Das Programm war gleichermaßen entschieden gerichtet: 1. gegen den bayerischen Adel, der trotz 1848 immer noch überkommenen Bodenzins von den Bauern abforderte, solange diese ihn nicht ablösen konnten. Die Abschaffung des in der Tat anachronistischen Bodenzinses war eine der Hauptforderungen Wielands. 2. gegen die aufgeklärtes Wohlwollen vorgebende, jedoch etatistische bayerische Staatsbürokratie, die immer, wenn es darauf ankam, die bäuerlichen Interessen anderen unterordnete. Und 3. schließlich auch gegen das Zentrum, das zwar mit eigenen christlichen Bauernvereinen die katholischen Bauern ansprechen wollte - in wielandscher Sicht jedoch nur als Stimmvieh. Denn weil das Zentrum primär eine klassenübergreifende, konfessionell-katholische Partei war, konnte es nicht ausschließlich Sprachrohr bäuerlicher wirtschaftlicher Interessen sein, sondern musste im politischen Tagesgeschäft so manchen Kompromiss eingehen, auch auf Kosten bäuerlicher Anliegen.
All dies trug dazu bei, dass Wieland und mit ihm seine Bauernbundbewegung radikaldemokratischer Tendenzen bezichtigt wurden und der Bischof von Regensburg sogar einen Hirtenbrief gegen den im Übrigen persönlich glaubhaft religiös gebundenen Wieland verlesen ließ. Wieland eben durch und durch "Der Bauernrebell".
Der "Bund der niederbayerischen Bauern" fusionierte 1895 nach einigem intriganten Hin und Her mit den anderen bayerischen Bauernvereinigungen zum "Bayerischen Bauernbund", dem 1897 dann auch als letzte die oberbayerische Bauernvereinigung beitrat.

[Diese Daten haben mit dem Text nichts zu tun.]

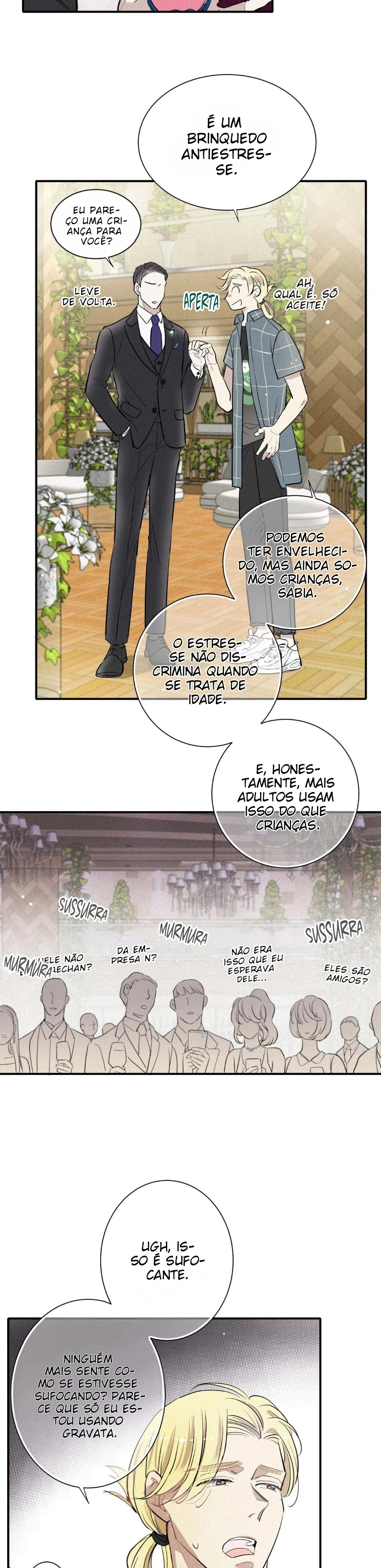 O amor está no herdeiro Capítulo 3 Página 18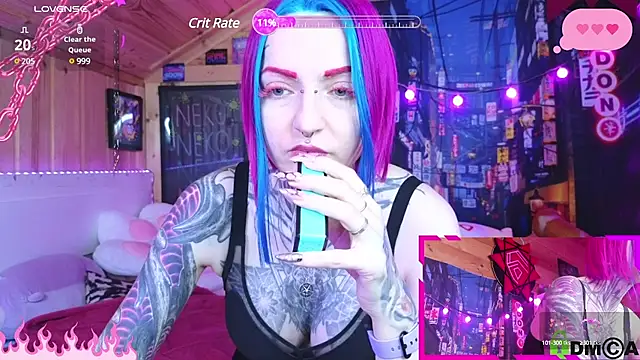 NekoCyber online show from 29, 12, 2024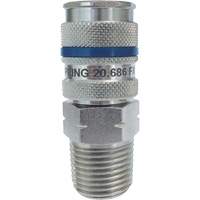 Quicksilver Coupler, 1/2" Les Fournitures Industrielles Méga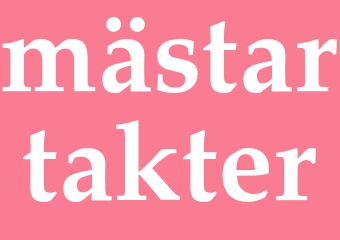 Synonym mästartakter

Der Verfasser gibt das intrigante Hin und Her recht genüsslich-ausführlich und sehr drastisch quellenbelegt wieder. Die durchweg im Erzählduktus gehaltene Lektüre wird daher nicht nur Wissenschaftlern einigen Spaß bereiten. Und dem außerbayerischen Leser wird so nebenbei ein amüsanter Einblick in die von Deftigkeiten aller Art nicht arme Lebenswelt niederbayerischer Bauern und ihrer Standesvertreter gewährt, von denen einer - Wieland - immer bodenständig und bauernnah - ein Wirtshaus nicht nur zu seinem Stammlokal, sondern auch zu seinem Stammbüro gemacht hat, was übrigens mit gravierenden vereins-organisatorischen Mängeln einherging. Überhaupt spielt sich die Bauernbundbewegung viel in Wirtshäusern mit Krawall und Radau ab, aber auch in ländlichen Zeitungsorganen, die von würzigen Artikeln nur so strotzen und die Kirchner mit einem Anspruch auf Vollständigkeit ausführlich wiedergibt.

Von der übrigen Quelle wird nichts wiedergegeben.